Coronavirus vaccine likely to be ready for India in early 2021, says scientist


A vaccine for the coronavirus is likely to be ready in early 2021, but safely deploying it to India’s 1.3 billion people will be the country’s biggest challenge in fighting its growing epidemic, a leading vaccine scientist told Bloomberg.

India, which is home to some of the cutting-edge vaccine clinical trials, currently does not have a local infrastructure to go beyond vaccinating infants and pregnant women, said Gagandeep Kang, professor of microbiology at the Christian Medical College based in Vellore and member. of the WHO Global Advisory Committee on Vaccine Safety.

The timing of vaccination is a controversial issue around the world. In the United States, President Donald Trump contradicted a senior administration health expert saying that a vaccine would be available in October. In India, the government of Prime Minister Narendra Modi had promised a native vaccine in mid-August, a claim that the government and its main medical research body have backtracked.

For a country of its size, and with a virus curve that shows no signs of flattening, a safe and rapid vaccine is a priority for the administration of Modi. The country’s broken health care system, already struggling to provide adequate care before the outbreak, cannot cope with the stress of a protracted pandemic. A strict lockdown implemented at the end of March caused the largest contraction among the major economies, with gross domestic product contracting 23.9% in the three months through June from the previous year.
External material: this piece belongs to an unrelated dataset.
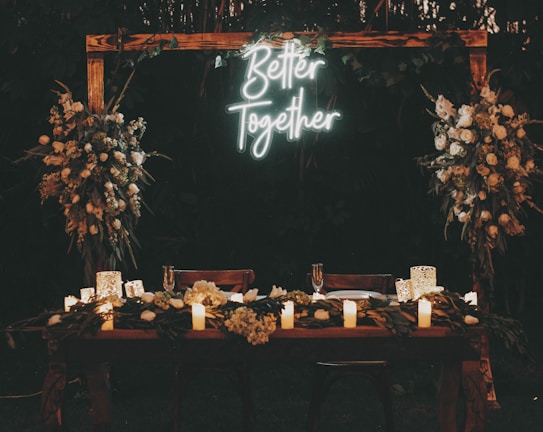 a wooden table topped with candles and flowers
“By the end of the year we will have data that will tell us which vaccines are working and which ones will not work as well,” said Kang, who until July headed the Indian government committee investigating potential indigenous vaccine candidates. we get good results by the end of the year, then we are looking at vaccines potentially being available in small quantities in the first half of 2021 and in larger quantities in the latter part. “

Kang said that any vaccine currently in phase three trials, whether made locally or from major Western pharmaceutical companies, has a 50% chance of success.

Immunization challenges

India is organizing clinical trials for all the major vaccine candidates. The Serum Institute of India, the world’s largest vaccine manufacturer, is conducting trials for the vaccine developed by the University of Oxford. Pharmacist Dr. Reddy’s Laboratories said last week that it will distribute the Russian vaccine in India after conducting final-stage human trials and receiving regulatory approval.
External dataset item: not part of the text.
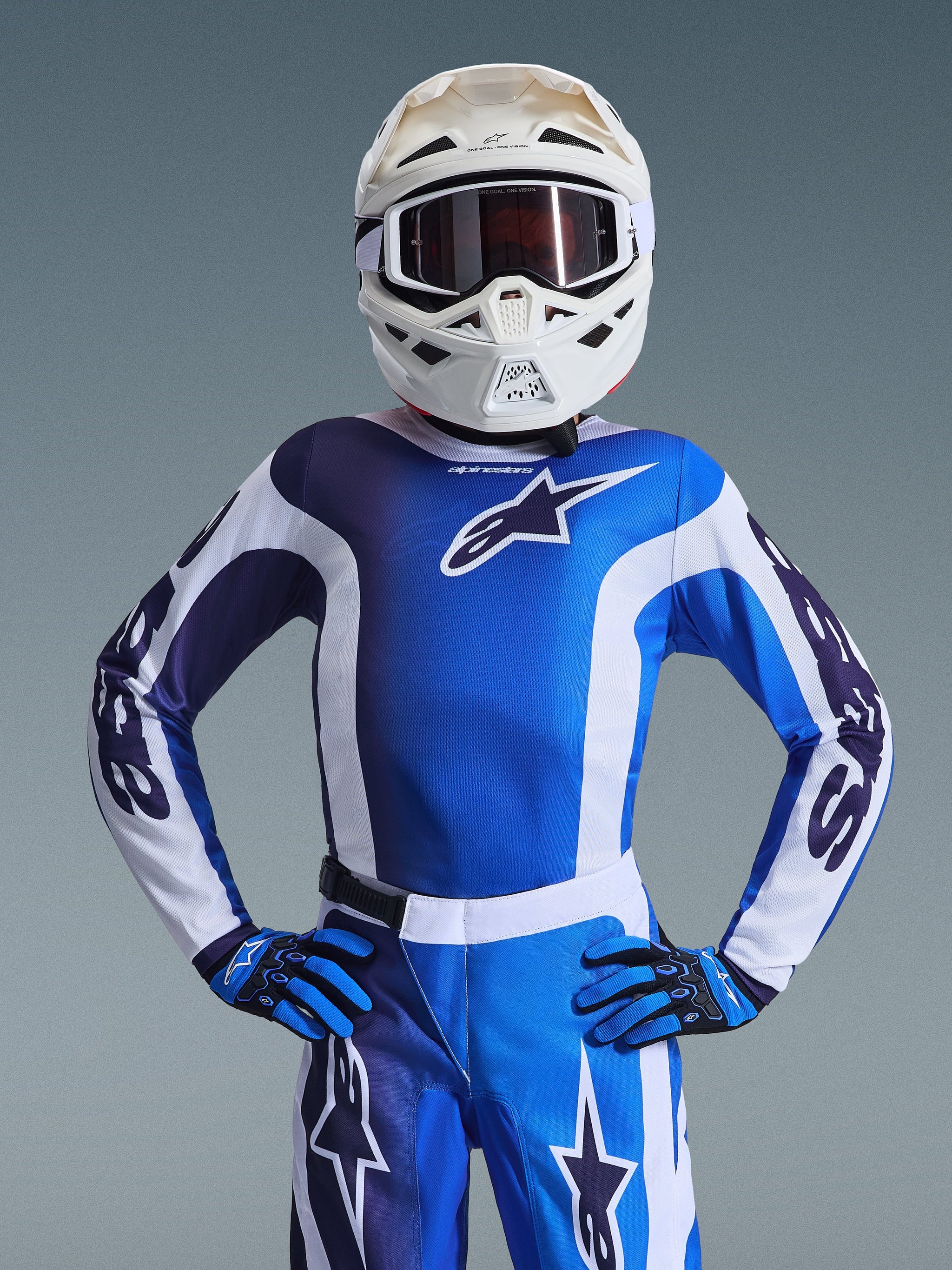 Youth motocross rider wearing the 2026 Youth Fluid Portl Jersey in Ucla Blue White, matching blue and white motocross pants, blue and black gloves, and a white helmet with goggles, complete racing gear for young off-road riders.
Native Indian vaccine developers Bharat Biotech International Ltd. are in the second phase human trial stage and Zydus Cadila is in the process of receiving approvals for third phase clinical trials.

Even after an effective vaccine becomes available, India will look to storage and delivery barriers as the outbreak intensifies in the interior of the country. The second most populous country in the world also has neither the experience nor the infrastructure for mass immunization in all age groups.
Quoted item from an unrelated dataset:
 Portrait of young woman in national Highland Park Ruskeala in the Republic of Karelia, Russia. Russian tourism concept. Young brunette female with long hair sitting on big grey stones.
“We don’t have life cycle immunization structures, we don’t have a way to vaccinate the elderly who are a particular risk group here,” Kang said. “Just building the system to be able to immunize all ages is going to be a challenge.”

Data issues

Even as the South Asian nation scrambles to gain access to a reliable vaccine to control its fast-moving pandemic, its spotty testing strategy may end up underestimating the true scope of its outbreak.

India has increasingly relied on rapid antigen tests which can report false negatives up to 50% of the time and its daily test data does not specify which type of tests (antigen or polymerase chain reaction tests real-time most sensitive) – make up the total or whether they were performed in symptomatic or asymptomatic people, Kang said.

Despite pushing antigen testing, India’s 8% test positivity rate is far higher than the World Health Organization’s 5% benchmark for controlling the outbreak.

“It seems that in many places antigen and RT-PCR are used interchangeably. That doesn’t make sense to me, “he said.” It is difficult to know if the rate at which cases are increasing will accelerate when the testing strategy in different states is unknown. “

This story has been published from a news agency feed with no changes to the text. Only the title has been changed.